Hi Folks,
Cross-posting from the Slack channel from the other day.
I started looking at Beam again over the weekend. I have an unbounded
stream with a CassandraIO input and am trying to write files using FileIO
and ParquetIO.
I'm using the following:
Beam: 2.20.0
Flink Runner/Cluster: 1.9(.3)
java -Xmx12g -jar target/fmetrics-1.0-SNAPSHOT.jar --streaming=true
--sdkWorkerParallelism=0 --runner=FlinkRunner
When submitting to a Flink cluster I include --flinkMaster=localhost:8081
in the command.
If I replace the FileIO with a simple log writer it prints out the records
and makes progress. Using the FileIO with ParquetIO it stalls on the
stage write/WriteFiles/WriteShardedBundlesToTempFiles/GroupIntoShards
->
write/WriteFiles/WriteShardedBundlesToTempFiles/WriteShardsIntoTempFiles/ParMultiDo(WriteShardsIntoTempFiles)

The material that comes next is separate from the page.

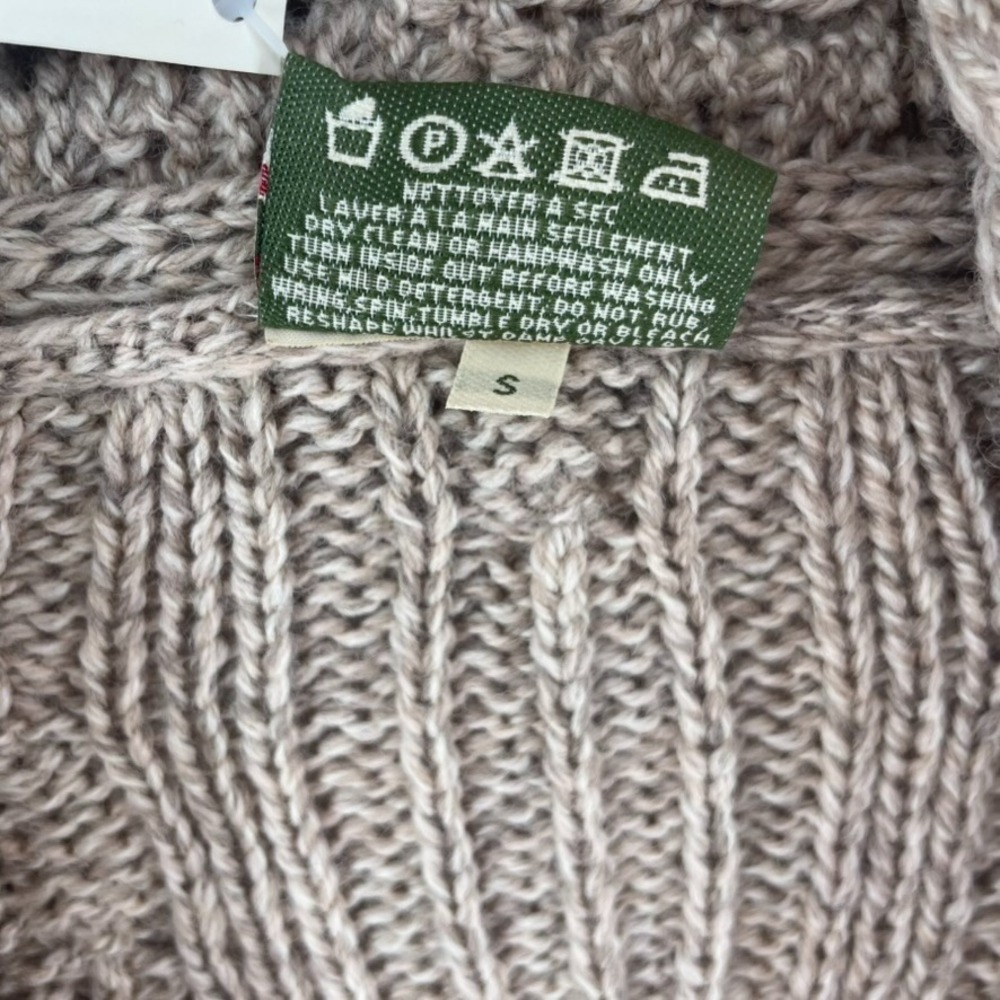 Carraig Donn Cardigan Sz S Ireland Merino Wool Cable Knit Shawl Collar Fisherman - Picture 9 of 10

-> write/WriteFiles/GatherTempFileResults/Add void
key/AddKeys/Map/ParMultiDo(Anonymous).
That brings me to ask the following questions:
1. What's the best way to test and monitor a beam pipeline?
2. What adjustments are required to get this pipeline writing files?
3. Is there some kind of way to evaluate the DAG and identify scenarios
where this stall is likely?
PipelineOptions pipelineOptions = PipelineOptionsFactory
.fromArgs(args)
.withValidation()
.create();
Pipeline p = Pipeline.create(pipelineOptions);
CoderRegistry registry = p.getCoderRegistry();
registry.registerCoderForClass(GenericRecord.class,
AvroCoder.of(SCHEMA)); PCollection<Metric> metrics =
p.apply("cassandra",
CassandraIO.<Metric>read()
.withHosts(hosts)
.withPort(9042)
.withLocalDc("datacenter1")
.withKeyspace(KEY_SPACE)
.withTable(TABLE)
.withMinNumberOfSplits(100)
.withEntity(Metric.class)
.withCoder(SerializableCoder.of(Metric.class)));
metrics.apply("window",
Window.<Metric>into(
FixedWindows.of(Duration.standardSeconds(30)))
.withAllowedLateness(Duration.standardSeconds(5))
.accumulatingFiredPanes())
.apply("metricToGeneric", ParDo.of(new MetricToGeneric(LOG)))
.apply("write", FileIO.<GenericRecord>write()
.via(ParquetIO.sink(SCHEMA))
.withNumShards(200)
.to("./metrics/")
.withPrefix("metrics")
.withSuffix(".parquet"));
p.run().waitUntilFinish();
I also loaded this into a Flink cluster and it appears to stall on the
temporary file sharding as outlined above and eventually fails after
processing about 600-700k records.
Rereading the windowing section in the document I changed it to
discardFiredPanes() as it seems the more appropriate behaviour for what I
want but that doesn't appear to have changed the results any.
Regards,
--
Nathan Fisher
w: http://junctionbox.ca/